Canon Law starts from
this presupposition. It is something compulsory: man is man, nature
is what it is and tells him this. Today, however, this axiom, which
holds that man prompted by his nature will make one faithful
marriage, has been transformed into a somewhat different axiom. "Volunt
contrahere matrimonium sicut ceteri homines". It is no longer nature
alone that speaks, but the "ceteri homines": what everyone does. And
what everyone does today is not simply to enter into natural
marriage, in accordance with the Creator, in accordance with
creation. What the "ceteri homines" do is to marry with the idea
that one day their marriage might fail and that they will then be
able to move on to another one, to a third or even a fourth
marriage. This model of what "everyone does" thus becomes one that
is contrary to what nature says. In this way, it becomes normal to
marry, divorce and remarry, and no one thinks this is something
contrary to human nature, or in any case those who do are few and
far between. Therefore, to help people achieve a real marriage, not
only in the sense of the Church but also of the Creator, we must
revive their capacity for listening to nature.
Let us return to the
first query, the first question: rediscovering within what everyone
does, what nature itself tells us, which is so different from what
this modern custom dictates. Indeed, it invites us to marry for
life, with lifelong fidelity including the suffering that comes from
growing together in love. Thus, these preparatory courses for
marriage must be a rectification of the voice of nature, of the
Creator, within us, a rediscovery, beyond what all the "ceteri
homines" do, of what our own being intimately tells us. In this
situation, therefore, distinguishing between what everyone else does
and what our being tells us, these preparatory courses for marriage
must be a journey of rediscovery.
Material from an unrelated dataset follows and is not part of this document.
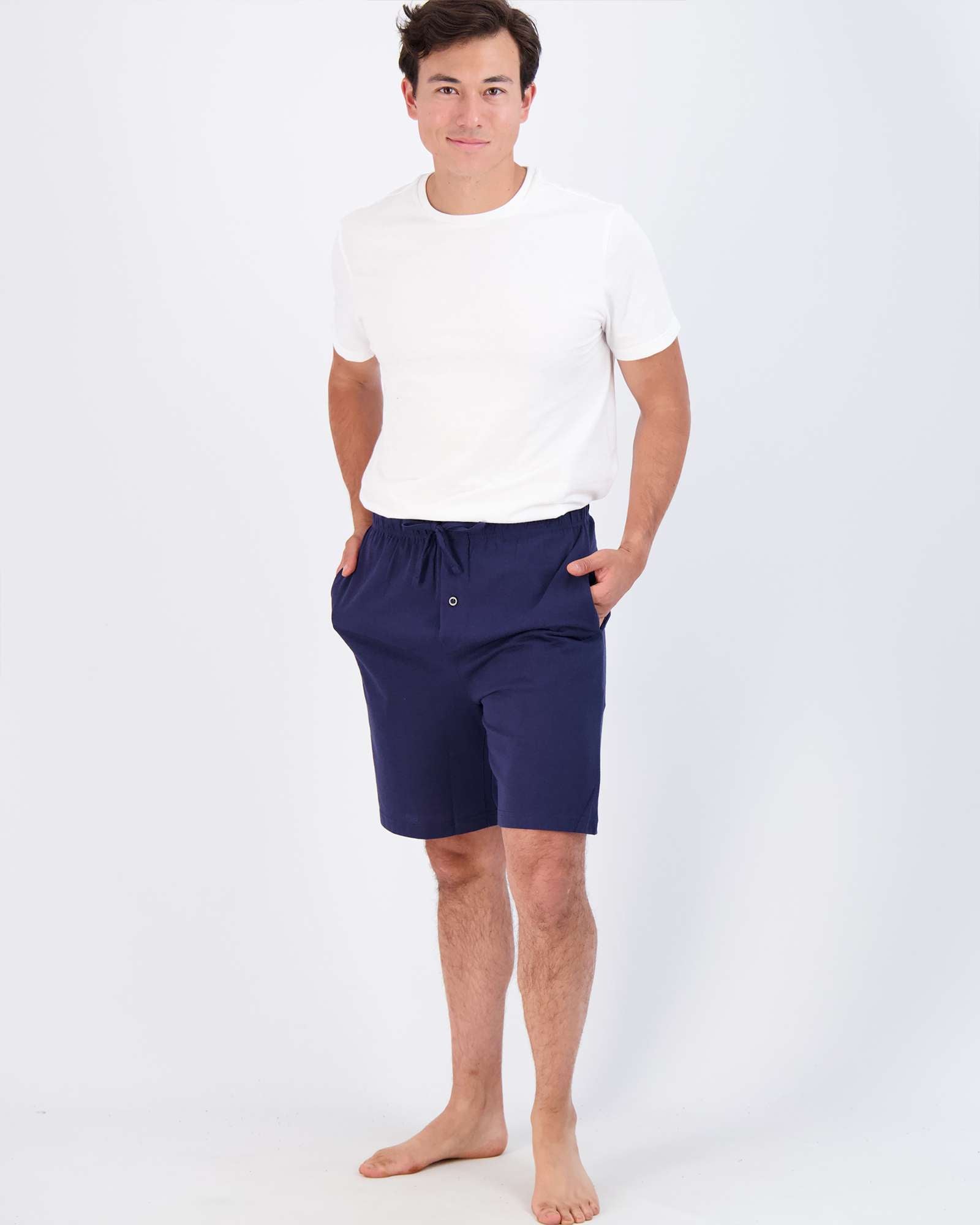 3 Pack:Mens Cotton Sleep Pajama Lounge Shorts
They must help us learn anew what
our being tells us. They must help couples reach the true decision
of marriage in accordance with the Creator and the Redeemer. Hence,
these preparatory courses are of great importance in order to "learn
oneself", to learn the true intention for marriage. But preparation
is not enough; the great crises come later. Consequently, ongoing
guidance, at least in the first 10 years, is of the utmost
importance. In the parish, therefore, it is not only necessary to
provide preparatory courses but also communion in the journey that
follows, guidance and mutual help. May priests, but not on their
own, and families, which have already undergone such experiences and
are familiar with such suffering and temptations, be available in
moments of crisis.
The presence of a
network of families that help one another is important and different
movements can make a considerable contribution. The first part of my
answer provides for prevention, not only in the sense of preparation
but also of guidance and for the presence of a network of families
to assist in this contemporary situation where everything goes
against faithfulness for life. It is necessary to help people find
this faithfulness and learn it, even in the midst of suffering.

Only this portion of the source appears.